From the listing below, give again exactly the lines from the line with "Hello everyone, this" to the line with "Select the arc", ends included, without any pictures.
[Start of section]
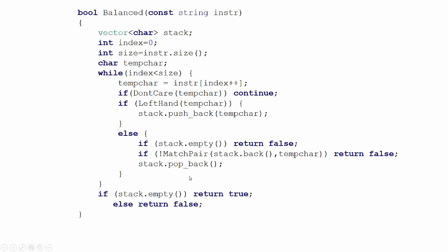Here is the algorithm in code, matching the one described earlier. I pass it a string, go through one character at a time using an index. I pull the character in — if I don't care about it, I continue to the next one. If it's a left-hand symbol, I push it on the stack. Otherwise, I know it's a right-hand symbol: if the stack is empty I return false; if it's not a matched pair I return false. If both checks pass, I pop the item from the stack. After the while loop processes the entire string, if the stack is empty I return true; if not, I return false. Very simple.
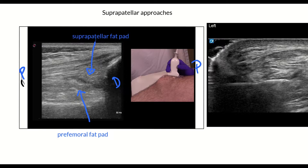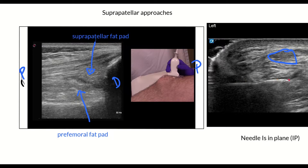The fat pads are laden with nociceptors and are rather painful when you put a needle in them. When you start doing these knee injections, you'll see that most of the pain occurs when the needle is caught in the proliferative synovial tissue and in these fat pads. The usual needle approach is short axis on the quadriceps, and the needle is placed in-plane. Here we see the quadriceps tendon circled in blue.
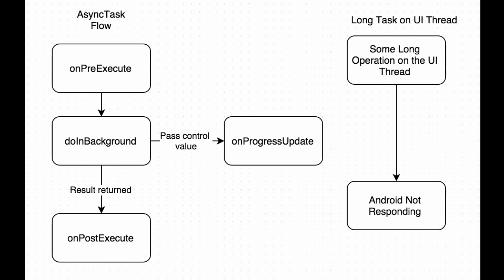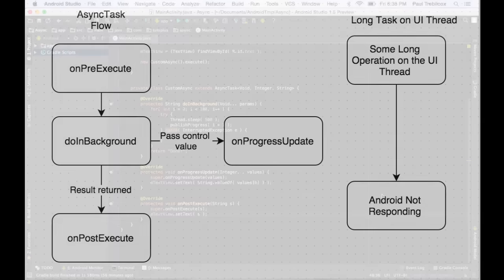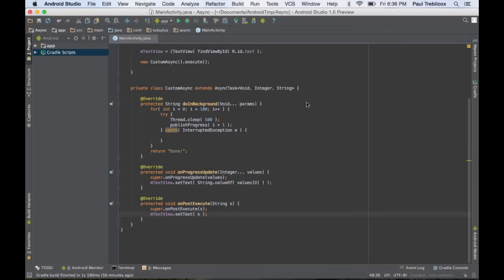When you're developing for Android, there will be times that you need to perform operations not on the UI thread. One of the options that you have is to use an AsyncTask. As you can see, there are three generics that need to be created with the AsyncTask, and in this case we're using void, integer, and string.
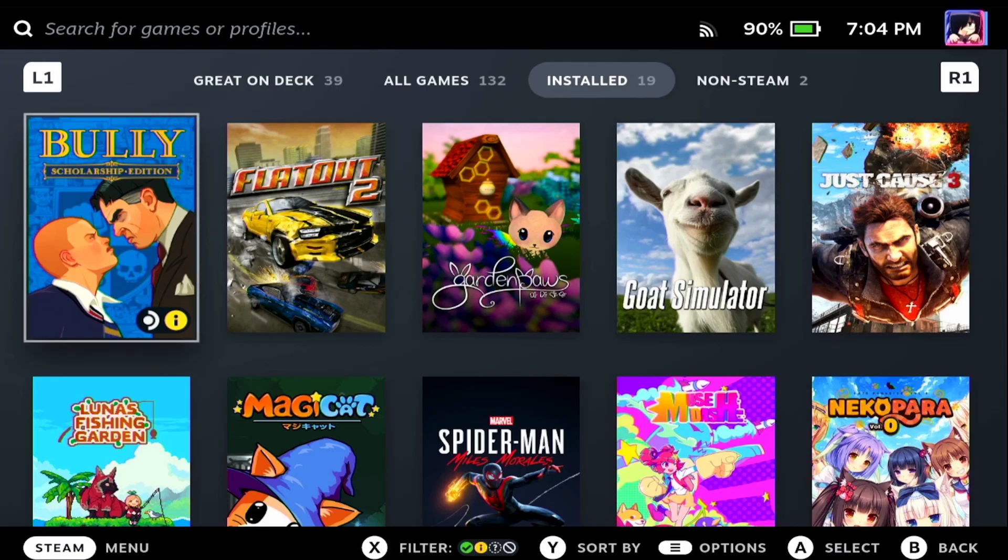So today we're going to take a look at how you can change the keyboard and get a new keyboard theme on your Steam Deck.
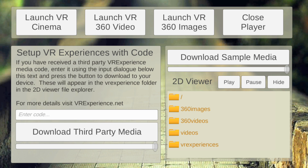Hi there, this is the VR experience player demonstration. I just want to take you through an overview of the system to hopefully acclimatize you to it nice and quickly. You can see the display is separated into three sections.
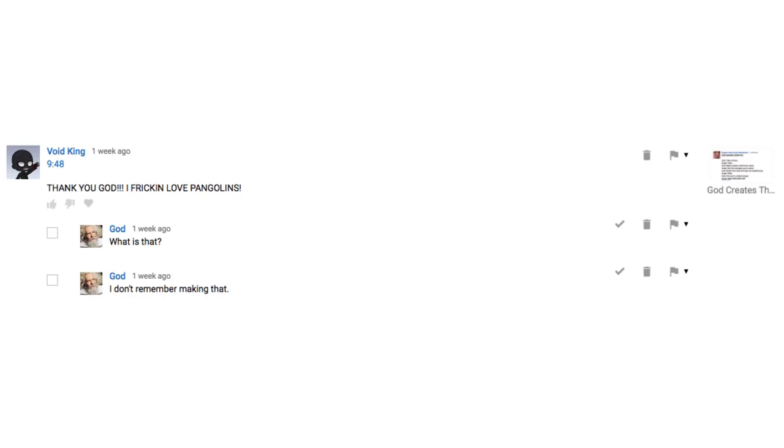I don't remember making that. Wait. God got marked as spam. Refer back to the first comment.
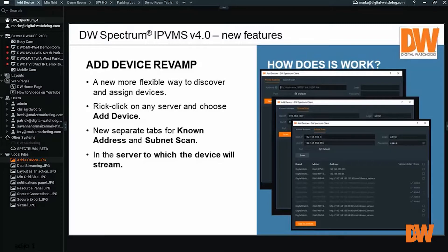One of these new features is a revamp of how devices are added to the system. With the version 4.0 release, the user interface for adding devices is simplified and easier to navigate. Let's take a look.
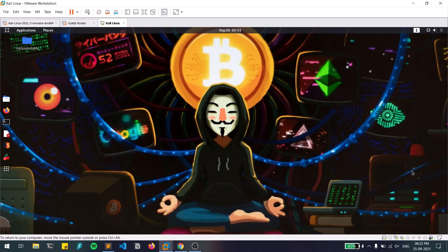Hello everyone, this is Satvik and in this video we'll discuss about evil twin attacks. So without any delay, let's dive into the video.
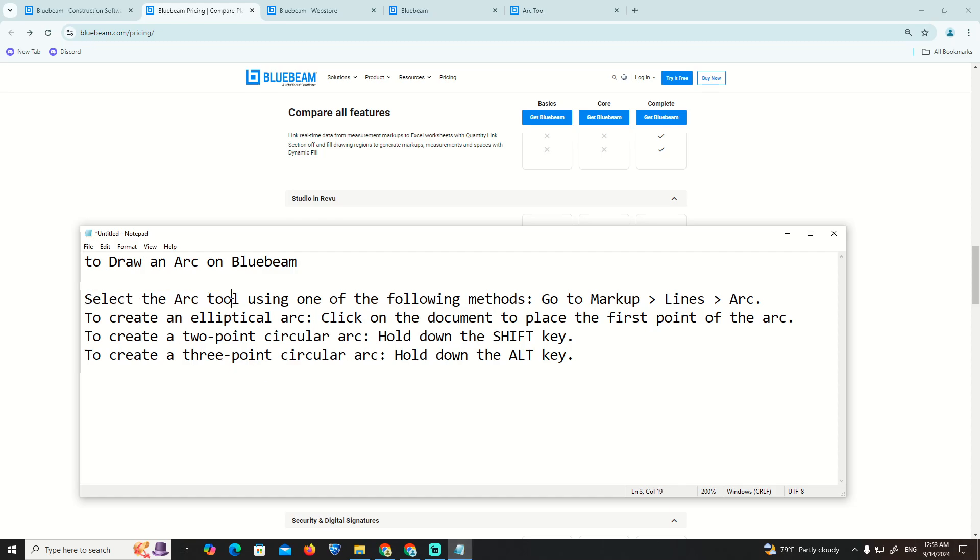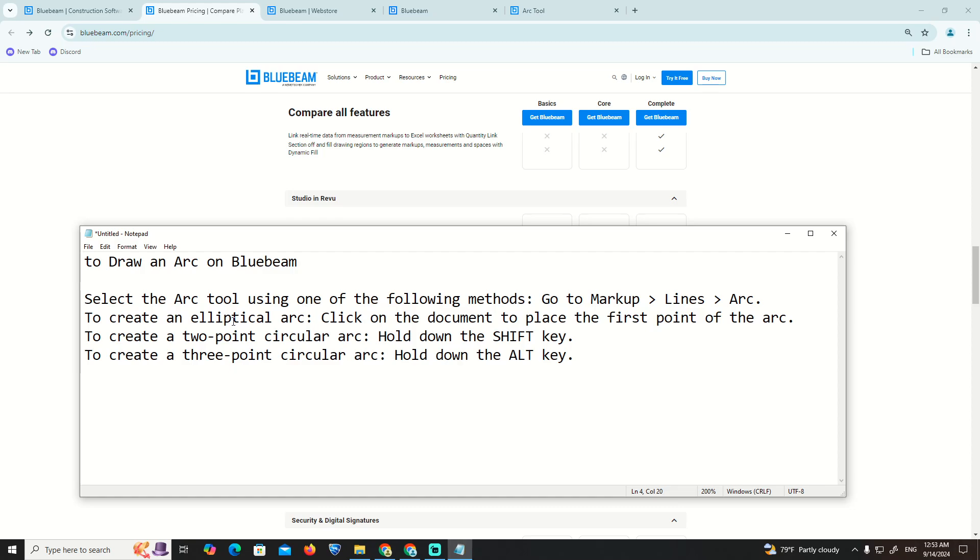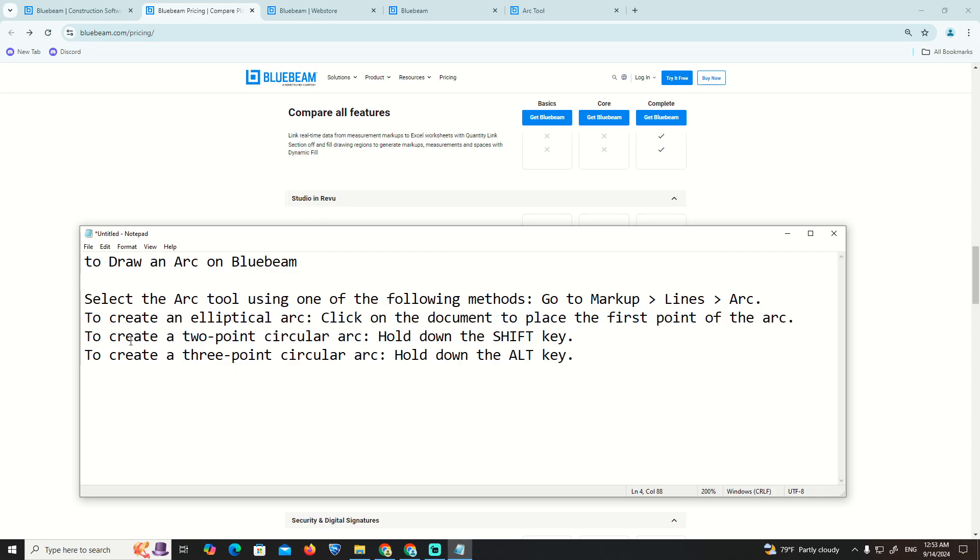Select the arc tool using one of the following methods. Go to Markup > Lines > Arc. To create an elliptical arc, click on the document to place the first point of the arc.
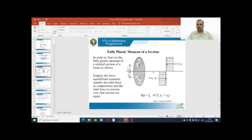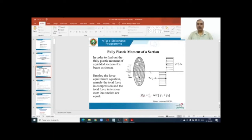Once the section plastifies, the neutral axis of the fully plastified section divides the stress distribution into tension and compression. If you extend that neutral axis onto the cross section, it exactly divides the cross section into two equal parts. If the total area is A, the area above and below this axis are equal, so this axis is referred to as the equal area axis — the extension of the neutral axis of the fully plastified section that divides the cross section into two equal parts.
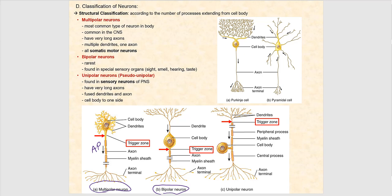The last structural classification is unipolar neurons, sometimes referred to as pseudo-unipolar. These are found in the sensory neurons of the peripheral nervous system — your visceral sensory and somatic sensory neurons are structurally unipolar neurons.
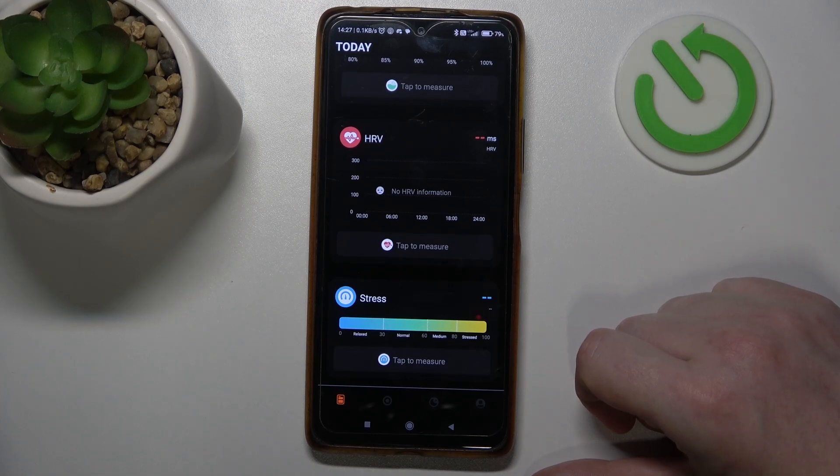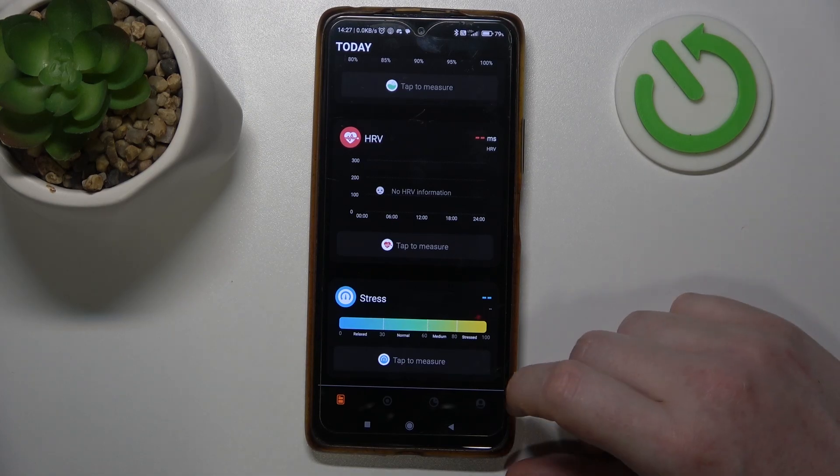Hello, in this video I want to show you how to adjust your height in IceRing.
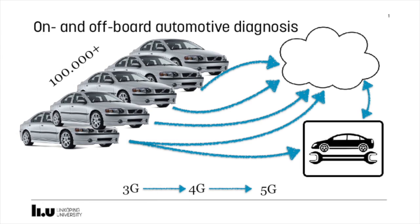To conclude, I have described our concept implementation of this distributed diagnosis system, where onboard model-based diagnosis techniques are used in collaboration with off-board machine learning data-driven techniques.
[End of section]
» **EXERCISE ANSWER**:
Hello everyone, this is Satvik and in this video we'll discuss about evil twin attacks. So without any delay, let's dive into the video.
Select the arc tool using one of the following methods. Go to Markup > Lines > Arc. To create an elliptical arc, click on the document to place the first point of the arc.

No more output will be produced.